Réalisé par Nelson McCormick
Avec Brittany Snow, Johnathon Schaech, Jessica Stroup, Kellan Lutz, Jana Kramer, Brianne Davis
Wall-E est un film qui suit l’existence et les aventures d’un petit robot qui a le même nom et un destin pour lequel personne ne voudrait être programmé: des centaines d’années de solitude et de travail dur pour réhabiliter la Terre, devenue un cimetière radio-active abandonnée par les humains et étouffée par les débris et les déchets. Dans ces circonstances, Wall-E, le dernier “être” de la planète, est le seul qui puisse la nettoyer. Heureusement, la sympathique créature se retrouve dans la compagne d’une petite “robote”. Ainsi, notre héros finir par se lier d’amitié et même s’enamourer d’elle. Ensuite, Eve lui ouvre la voie vers d’autres espaces d’aventure.
Après “Némo”, un autre film réalisé par Pixar Animation Studios, Andrrew Stanton a décidé de continuer la série des héros ayant prise au public, en créant Wall-E qui allait déplacer l’action de l’espace marin dans l’espace infini. Grand nombre des personnages n’ont pas de voix humaines. En échange, ils communiquent par le langage du corps et les sons robotiques.
Réalisé par Andrew Stanton
Avec Philippe Bozo, Marie-Eugénie Maréchal, Emmanuel Jacomy
David Duchovny et Gillian Anderson sont de retour sur les grands écrans, dans une nouvelle pellicule de la série des X-Files. L’intrigue du film a été longtemps tenue secrète, même pour les protagonistes, qui n’ont pas eu accès au scénario dès le début. L’action n’est pas loin du genre auquel les fans de la série se sont habitués, mais cette fois, le réalisateur a mis également en premier-plan la relation entre les deux agents.

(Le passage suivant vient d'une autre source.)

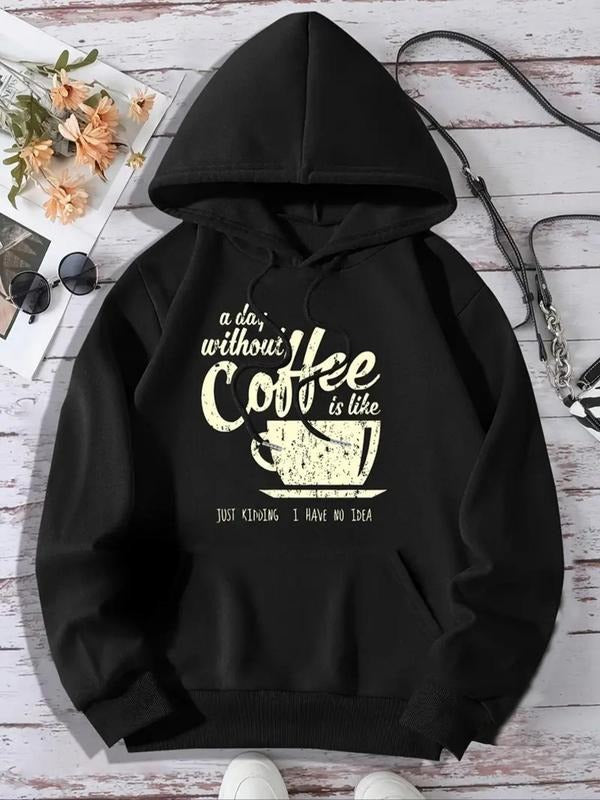 Coffee Letter Print Thermal Lined Casual Drawstring - Adult & Kids T-Shirts, Sweatshirts & Hoodies apparel design preview 1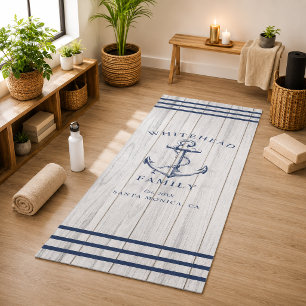Nautisch familieanker wit hout yogamat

Voilà le point: Mudler et Scully vivent ensemble dans une habitation habituelle, quelque part aux alentours de Richmond. Tandis que Scully travaille comme médecin, l’hirsute agent Mudler travaille toute la journée à faire sa collection de nouvelles paranormales. L’agent Drummy (Xzibit) devient un proche de Scully et lui demande de contacter Mudler pour l’aider dans un cas. Réservé, Mudler accepte, mais il veut Scully comme partenaire. L’agent Whitney (Amanda Peet), amoureuse de Mudler, a aussi demandé son aide pour prendre les traces d’une femme disparue.
“Régénération” est le deuxième long-métrage inspiré par la série. Selon le réalisateur Chris Carter, c’était, en effet, le moment pour une poursuite de l’histoire. Il a reconnu, cependant, que le tournage a duré plus qu’il avait estimé.
Réalisé par Chris Carter
Avec David Duchovny, Gillian Anderson, Amanda Peet;
“Let’s get Lost” célèbre la mémoire et la vie de Chet Baker, le renommé trompettiste, bugliste et chanteur de jazz dont le nom est surtout lié à des petits films tels “My Funny Valentine”. Donc, un petit groupe de fans, des anciens associés à ses ex-épouses et à ses enfants, raconte l’histoire de l’homme et du chanteur Baker. Le film de Weber retrace la carrière de celui-ci à partir de 1950, l’apogée marqué par ses apparitions aux côtés des grands noms du jazz - Charlie Parker et Gerry Mulligan, et jusqu’aux années 1980, quand il avait déjà choisi “les paradis artificiels” des drogues pour s’enfuir d’une existence décevante. Superposant les deux décades, Weber aboutit, en fait, à relever le contraste entre le jeune et sympathique Baker- l’idole qui ressemblait à la fois à James Dean et à Jack Kerouac - et celui qui est devenu, un minable épave dévorée par les drogues.
“Let’s get lost” débute sur les plages de Santa Monica, avec le crépuscule d’une vie troublée, et finit avec le Festival de Cannes de mai 1987, quand le partenariat entre le réalisateur Weber et le protagoniste de son film a porté des fruits. L’idée du titre de la pellicule est venue d’une chanson interprétée par Baker et enregistrée sur l’album Chet Baker Sings and Plays.
Réalisé par Bruce Weber
Avec Chet Baker, William Claxton, Flea, Carroll Baker, Dick Bock et d’autres.